On September 20, we officially announced the distribution and the support of Alt-Ergo by OCamlPro and launched its [new website](https://alt-ergo.ocamlpro.com). This site allows to download public releases of the prover and to discover available support offerings. It'll be enriched with additional content progressively. The former Alt-Ergo's web page hosted by LRI is now devoted to theoretical foundations and academic aspects of the solver.

We have also published a new public release (version 0.95.2) of Alt-Ergo. The main changes in this minor release are: source code reorganization into sub-directories, simplification of quantifiers instantiation heuristics, GUI improvement to reduce latency when opening large files, as well as various bug fixes.

In addition to the re-implementation and the simplification of some parts of the prover (e.g. internal literals representation, theories combination architecture, ...), the main novelties of the current master branch of Alt-Ergo are the following:

- The user can now specify an external (plug-in) SAT-solver instead of the default DFS-based engine.
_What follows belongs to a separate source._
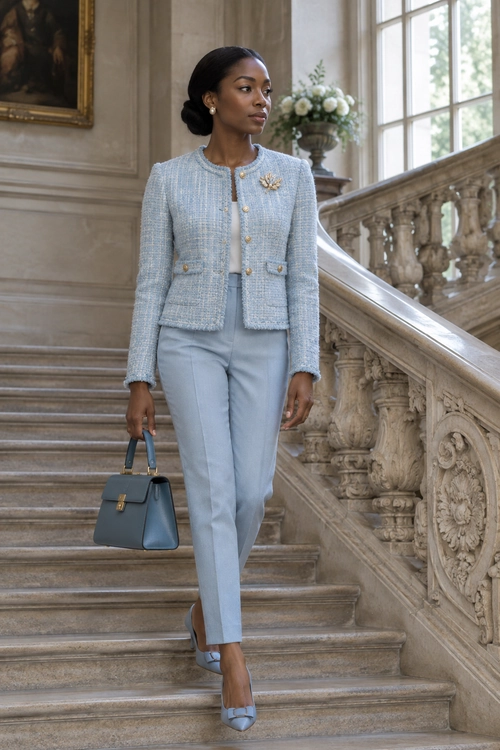 Powder Blue Tweed Suit A powder blue tweed jacket and matching tailored trousers are paired with blue bow heels and a structured handbag.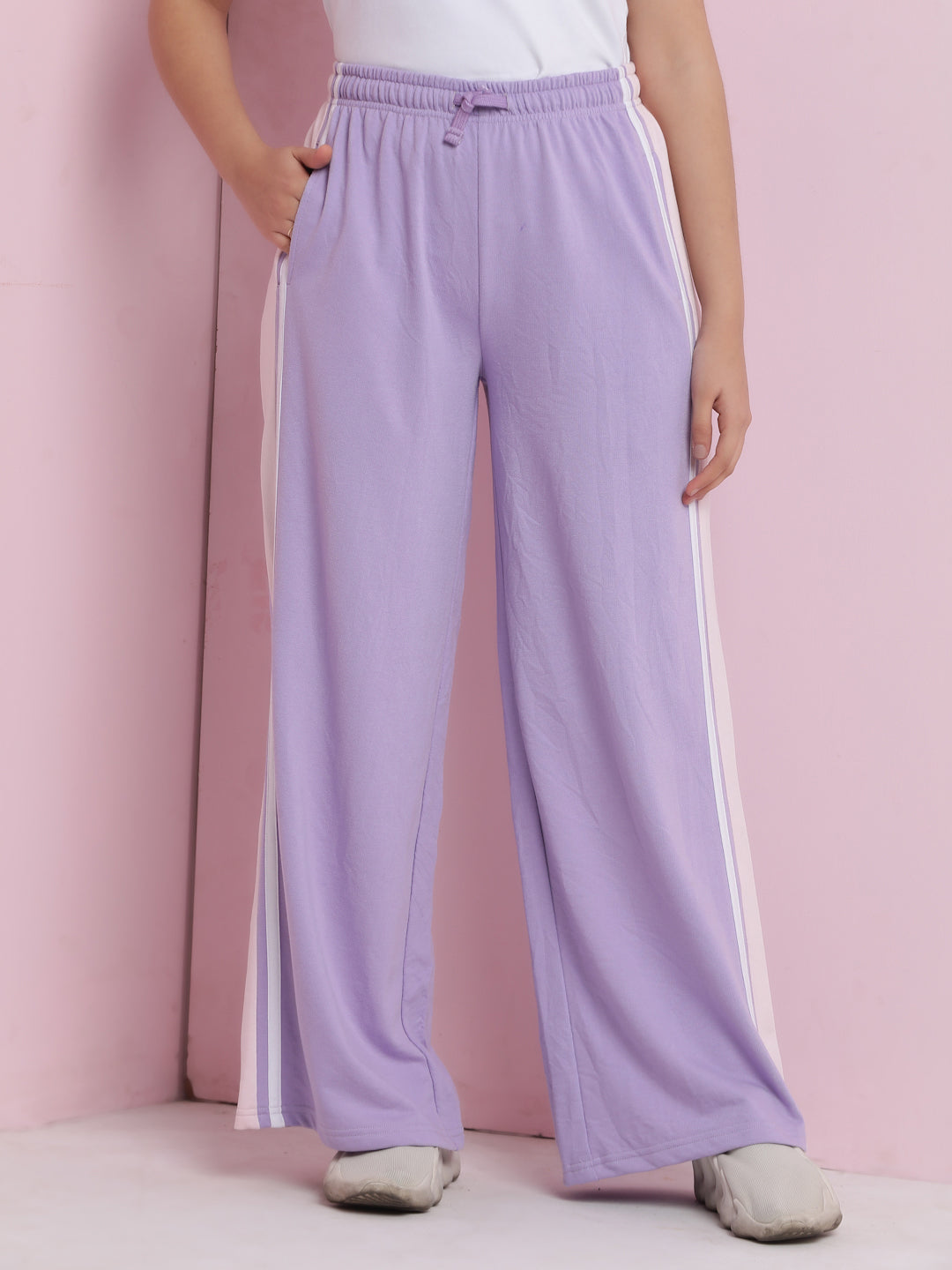 Lil Tomatoes Girls Cotton Looper Trackpant-Purple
We experimentally provide a CDCL solver based on miniSAT that can be plugged to perform satisfiability reasoning. This solver is more efficient when formulas contain a rich propositional structure.

- We started the development of a new tool, called Ctrl-Alt-Ergo, in which we put our expertise by implementing the most interesting strategies of Alt-Ergo. The experiments we made with our internal benchmarks are very promising, as shown below.

### Experimental Evaluation

We compared the performances of latest public releases of Alt-Ergo with the current master branch of both Alt-Ergo and Ctrl-Alt-Ergo (commit `ce0bba61a1fd234b85715ea2c96078121c913602`) on our internal test suite composed of 16209 formulas. Timeout was set to 60 seconds and memory was limited to 2GB per formula. Benchmarks descriptions and the results of our evaluation are given below.

#### Why3 Benchmark

This benchmark contains 2470 formulas generated from Why3's gallery of WhyML programs. Some of these formulas are out of scope of current SMT solvers. For instance, the proof of some of them requires inductive reasoning.

#### SPARK Hi-lite Benchmark

This benchmark is composed of 3167 formulas generated from Ada programs used during Hi-lite project. It is known that some formulas are not valid.

#### BWare Benchmark

This test-suite contains 10572 formulas translated from proof obligations generated by Atelier-B. These proof obligations are issued from industrial B projects and are proved valid.